The answer is almost self-evident from the photographs shown in Figures
1 and 2. In Figure 1 we see a tree trunk of the sort found in rural
England far from industrial centers: lichens covering the oak tree give
it a variegated surface against which the lightly peppered moth is hard
to see; the black form stands out prominently. By contrast, on trees
growing in industrial areas (Figure 2) the lichens are killed and the
trunk is blackened by soot; on such a tree it is the black moth that
is protectively colored, the light moth standing out "like a sore thumb."
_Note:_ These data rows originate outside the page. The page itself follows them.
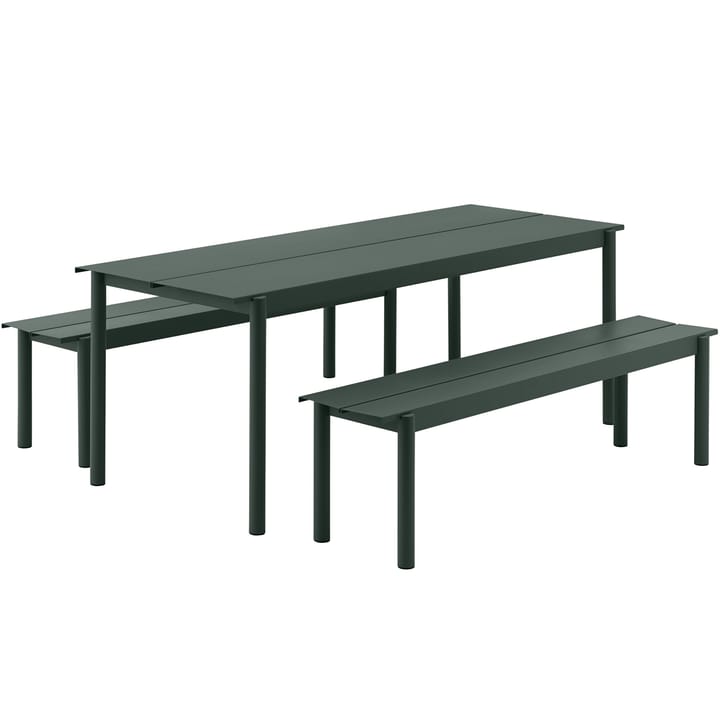 Banco de aço Linear 170 cm, Dark green Muuto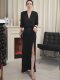 Mijie 2025 New French-Style Black Elegant and Slimming Dress for Women, Suitable for Daily Wear and Commuting, with a Waist-Cinching and Slim-Fit Long Dress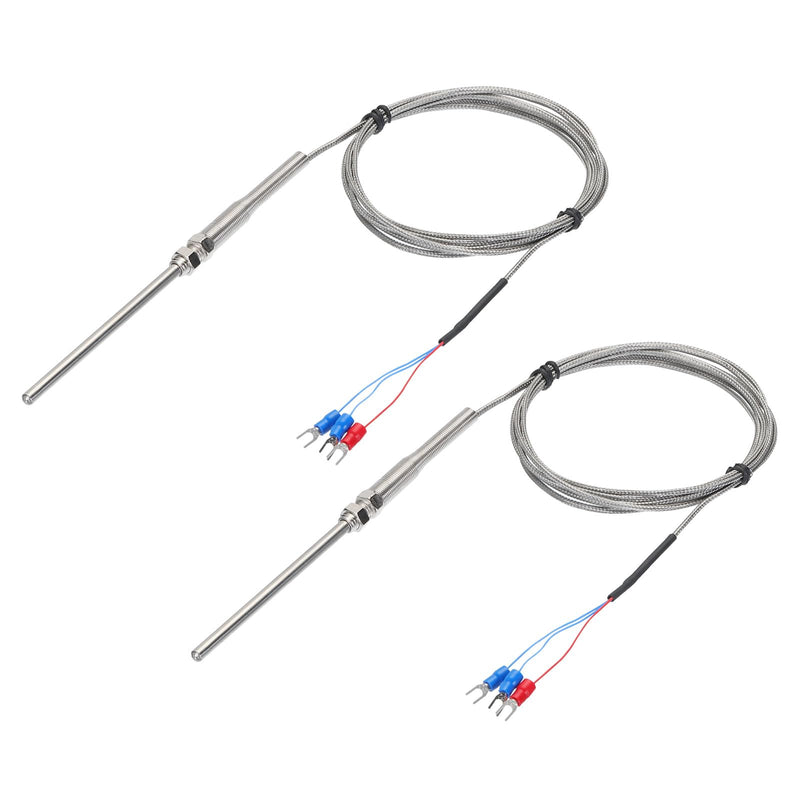 [Australia - AusPower] - MECCANIXITY 2pcs PT100 RTD Thermocouple Stainless Steel M8 Temperature Sensor Probe -50 to 1300C 6.6ft 5x100mm 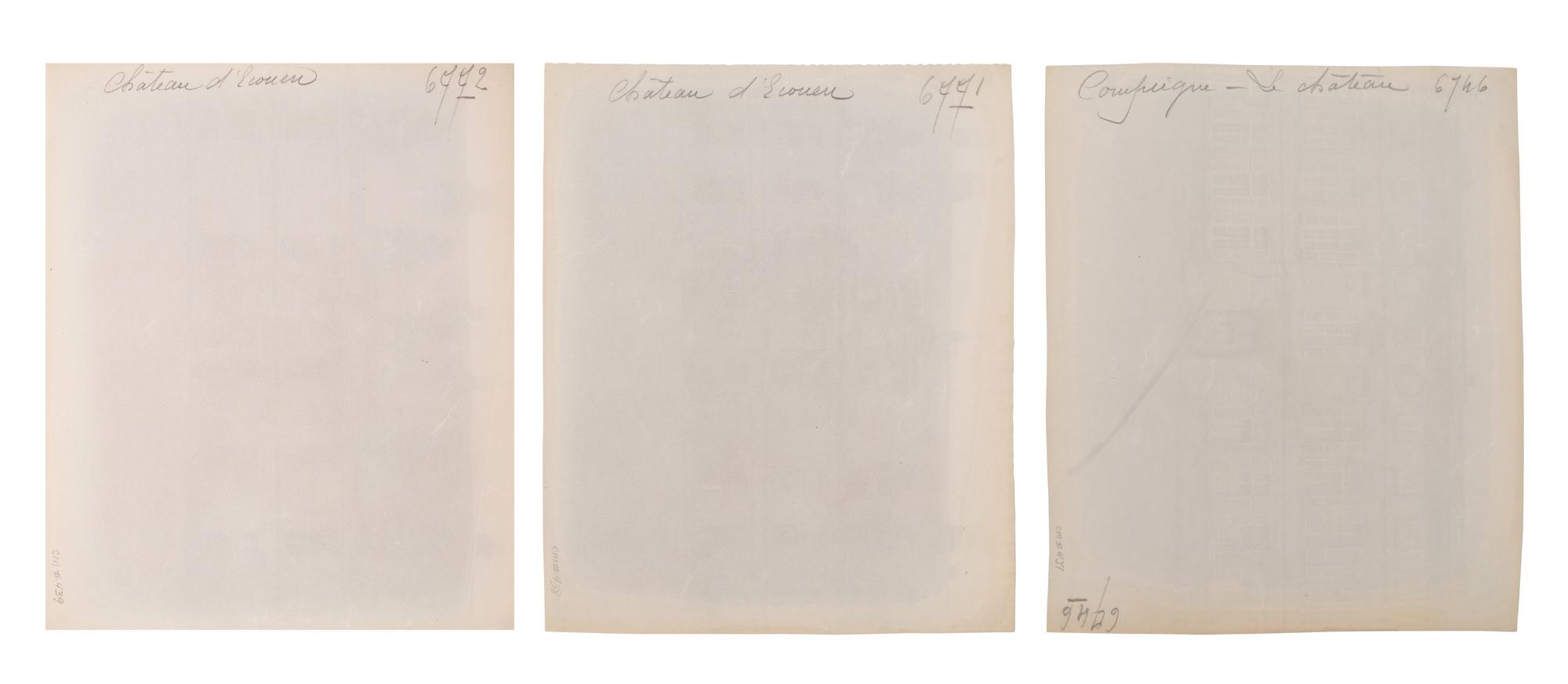 A group of three photographs (Compiègne–le Château , 1910; Château d'Écouen [6771] , 1911; Château d'Écouen [6772] , 1911)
Birds that prey on the moths have been observed and photographed catching
moths, and it has been proved that they bring about differential mortality
favoring the survival of the light forms in unpolluted woods and the
dark forms in industrially blackened woods. (Hardin 1966, p. 183)
This text was published in 1966. Newer accounts give a similar version of
this classic story. Sometimes textbooks update the story: Since the 1960s
clean air acts in Great Britain and the United States have led to markedly
improved air quality around industrial centers and the numbers of dark moths
have fallen significantly in the forests near such centers in Great Britain,
while the light moth is again becoming more prevalent. The evolutionary
trend is reversing. A striking case of parallel evolution has been found
in the forests near Detroit, which had over 90% dark moths in 1960, but
in 1994 only 20%.
Figure 1.
Light and dark forms of the peppered moth were photographed against
the lichen-covered trunk of a tree in an unpolluted area of England.
The light form is hard to see; the dark form is very conspicuous (from
Kettlewell, 1959).
Figure 2.
The same two forms as in Figure 1, but photographed against the trunk
of an oak tree blackened by the polluted air of Birmingham, England.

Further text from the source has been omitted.